**PROBLEM TO SOLVE:**
Only the lines below, from the one with "UNT se hizo" through the one with "Apple Watch Series", are to be written out, exactly.
THE RECORDS below:
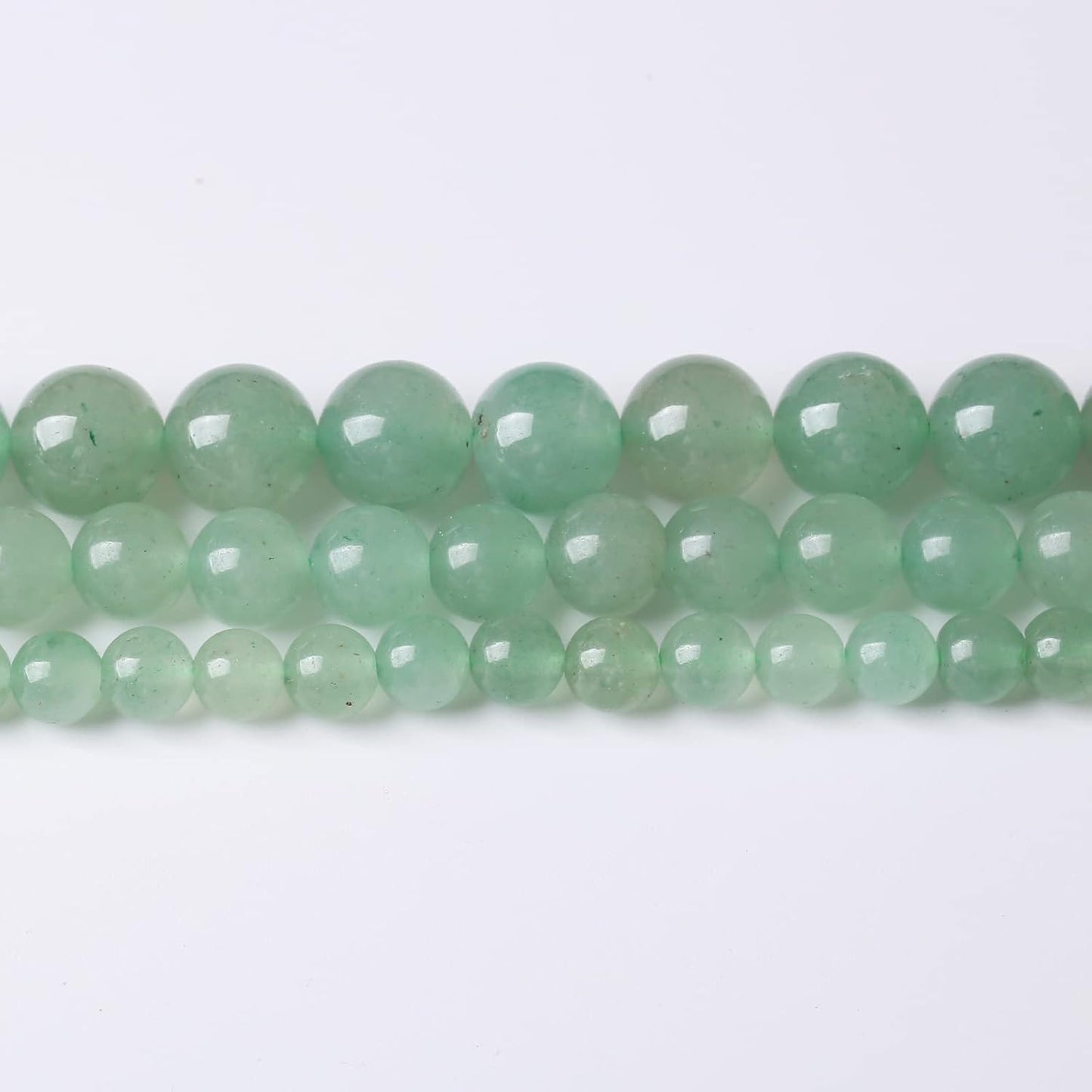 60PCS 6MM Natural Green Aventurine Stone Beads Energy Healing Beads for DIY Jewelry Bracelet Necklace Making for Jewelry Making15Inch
End of THE RECORDS.
THE RECORDS below:
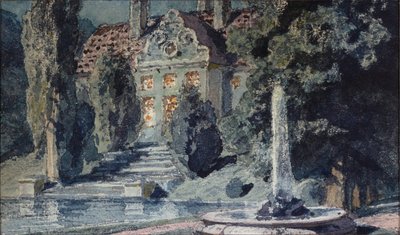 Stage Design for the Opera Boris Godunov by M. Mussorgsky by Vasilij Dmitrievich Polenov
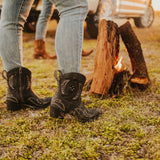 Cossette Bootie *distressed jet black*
End of THE RECORDS.
THE RECORDS below:
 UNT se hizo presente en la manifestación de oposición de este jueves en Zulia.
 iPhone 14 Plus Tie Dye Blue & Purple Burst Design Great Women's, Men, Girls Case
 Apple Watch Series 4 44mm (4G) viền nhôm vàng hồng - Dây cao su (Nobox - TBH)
End of THE RECORDS.
**RESPONSE AREA:**
 UNT se hizo presente en la manifestación de oposición de este jueves en Zulia.
 iPhone 14 Plus Tie Dye Blue & Purple Burst Design Great Women's, Men, Girls Case
 Apple Watch Series 4 44mm (4G) viền nhôm vàng hồng - Dây cao su (Nobox - TBH)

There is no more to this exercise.